Links to those pages in other parts of the site should automatically correct themselves in time. But, while cached versions of those pages are still being served to visitors, visitors are still going to be clicking on old links and expecting to get to the correct page. By automatically creating a (temporary) Redirect for pages when the CMS detects a change to their URL, we ensure that anyone requesting the page at its old URL is taken to the updated one.

Manual purging of URLs

If it's important that changes to a page are reflected on another page more urgently, a purge request can be submitted manually via the "Purge" menu item in Wagtail (both the "URL" or "Page URLs" option will work).

Replicating things locally

The main downside of downstream caches is that it's difficult to replicate them in local development environments. This isn't necessarily a bad thing, because seeing the latest version of something is usually very useful. But, when developing new features (especially those that make use of private data), you should consider testing the feature out in preprod as an important step in that feature's life-cycle.

2. Internal caching

All hosted versions of the project have access to a simple key/value store (separate from the database), which apps interact with indirectly, via Django's generic cache framework.

How does it work?

Being a Django-based CMS, Wagtail makes heavy use of Django's low-level cache API to improve the performance in many places, as do some features in this codebase.

Generally speaking, the cache framework is useful for caching small chunks of non-sensitive data that doesn't change very often, and would otherwise need to be repeatedly fetched from the database using one or many expensive queries. Lookups still have an overhead, but fetching data from a cache is generally much faster than fetching the same data from a database.

How invalidation works

In general, you shouldn't have to worry about invalidating it this type of cache manually, because features that use the low-level cache API will typically use some kind of 'hook' offered by Django or Wagtail to automatically clear or replace cached data when it becomes invalid. However, having the option to manually purge CAN be useful in some circumstances (for example, when experiencing cache-related errors after a Django upgrade).

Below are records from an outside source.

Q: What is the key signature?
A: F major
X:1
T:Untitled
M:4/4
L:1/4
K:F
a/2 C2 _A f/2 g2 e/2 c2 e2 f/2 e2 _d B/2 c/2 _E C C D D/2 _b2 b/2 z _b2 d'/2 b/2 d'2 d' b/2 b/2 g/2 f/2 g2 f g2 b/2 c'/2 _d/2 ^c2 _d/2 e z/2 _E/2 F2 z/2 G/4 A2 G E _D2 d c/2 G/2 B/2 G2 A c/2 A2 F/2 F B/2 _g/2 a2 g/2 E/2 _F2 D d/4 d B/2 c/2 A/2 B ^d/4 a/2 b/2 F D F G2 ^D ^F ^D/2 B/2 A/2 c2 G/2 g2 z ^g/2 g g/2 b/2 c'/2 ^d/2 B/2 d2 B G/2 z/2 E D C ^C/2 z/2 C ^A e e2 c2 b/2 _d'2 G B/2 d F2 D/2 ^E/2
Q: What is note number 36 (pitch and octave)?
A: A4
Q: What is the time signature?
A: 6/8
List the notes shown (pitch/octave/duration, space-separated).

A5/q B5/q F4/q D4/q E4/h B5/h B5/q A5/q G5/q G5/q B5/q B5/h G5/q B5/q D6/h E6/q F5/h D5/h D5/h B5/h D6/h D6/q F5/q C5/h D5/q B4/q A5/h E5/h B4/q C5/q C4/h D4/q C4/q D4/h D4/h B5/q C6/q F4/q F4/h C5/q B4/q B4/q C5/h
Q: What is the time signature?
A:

The most convenient method way to purge a cache manually is to submit a "Django cache" purge request from the "Purge" menu within Wagtail. Or, if the CMS is inaccessible for some reason, you can SSH into the container, fire up a Django shell, and interact with the API directly.

TIP: You should be able to find most signal-related code in signal_handlers.py (where the functions are defined) and apps.py (where they are connected to signals).

Replicating things locally

Thanks to Django's generic APIs, you can easily benefit from (and test the impact of) this type of caching locally, without adding a bunch of complication to your local setup.

By default, Django's Local-memory cache backend is enabled for development environments, which simply stores values in local memory until the app restarts. However, you are welcome to experiment with other backends by overriding the CACHES setting value in your personal local.py settings file.